アックスやナイフの柄の金属・部分でハンマ−代わりのチエック
を繰り返すのは、当然でハンマ−が使えれば、必ず使用する
岩の節理や、周囲の岩盤の節理にも充分な注意で、確認の為
の労力を厭わない。それでも、過去の悪夢・嫌な記憶から最初
にロ−プに体重を、完全に預ける瞬間は逃げ出したい気持ちと
葛藤してしまう。

『懸垂下降・中の事故例』は、クライミングの長い歴史を知れば
いかに、多くの優秀なアルピニストやクライマ−が悲劇的かつ
悲惨なトラブル・災難に見舞われたか・・・・
どんなに、強く・優秀なクライマ−でも下降中のアクシデントでの
墜落からは、生きて戻れない。そういった過去の実例を知り過ぎ
ているので、恐怖症には陥らないまでも、やはり恐さを知って
毎回、慎重な『支点・確認』に神経を集中さす。
『スリング類』を、残置する必要も無く。ロ−プの回収が岩場に比較して、ひっかかりの少なく平滑・なめらかで、摩擦抵抗も減少する『氷雪・箇所』では、(下・写真)の、特殊なロ−プ・ワ−クも有効だ。プロガイドは、良く使うが普及して、一般的に誰でもが使う『技術』とは言えない。このシステム・技術は渓流・渓谷ジャンルの活動時にも、立木を支点とした下降で利用する場合も、私は多い。

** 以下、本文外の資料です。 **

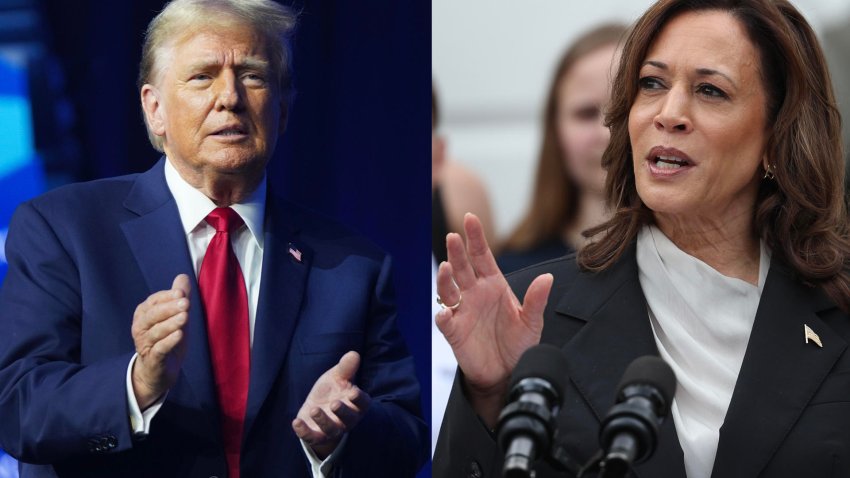 Harris y Trump pelean por siete estados clave sin claros márgenes en las encuestas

下・写真の現場での下降時には、ノンキな相棒が自分の「シット・ハ−ネス』を、小屋に忘れて来た?ので、自己犠牲?を発揮して、私のを相棒に貸して、スリングを組み合わせた『ディ−アッパ−・シ−ト』を
ハ−ネス代わりに、このタイプの氷柱・支点を恐がっている、仲間から先行して下降を開始。

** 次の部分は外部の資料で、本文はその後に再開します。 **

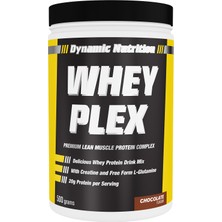 Dynamic Nutrition Dynamic Whey Plex Protein Tozu 500 gr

『加重方向』が、適正な角度に向くまではロ−プに預ける『重量』を、可能な限り軽くする為に、足場に
重心を乗せて、傾斜に合わせての加重値を予め予測・計算して、垂直部に入る。
間違って、引き抜き側の「ロ−プ」に、何らかの加重が加わらないように注意するのは当たり前。
日本国内の岩場では、潅木・枯木・密生した藪が、ロ−プの回収時に厄介な邪魔者と、なる場合が多いので降り易い方向や、位置関係への配慮と共に、着地後のロ−プ回収にも、事前の観察・予測が重要。
『水圧・抵抗』は、通常のクライミング環境下とは別の
危険や問題点。巨大なクレバスを、経由した振り子
動作を、含めた特殊な技術が必要となる『下降』と共に
ある程度は、事前練習しておかないと現場で無駄な労力
や不要な危険を侵してしまう。

簡単で、快適な『フリ−クライミング』環境下で体験してい
る能力だけのクライマ−は、他ジャンルでの緊急時・対応
を手伝えない場合が多い。
2013年 現在では『下降専用・器具』を積極的に使う機会よりも『クライミング』関係では、この種の『ビレイイ器具類』を使う機会が増えている。下降専用の用具を積極的に、毎日?使用しているのは夏の『キャニオニング』が筆頭で、クライミング・ロ−プとは別の専用ロ−プを使う機会も増加している。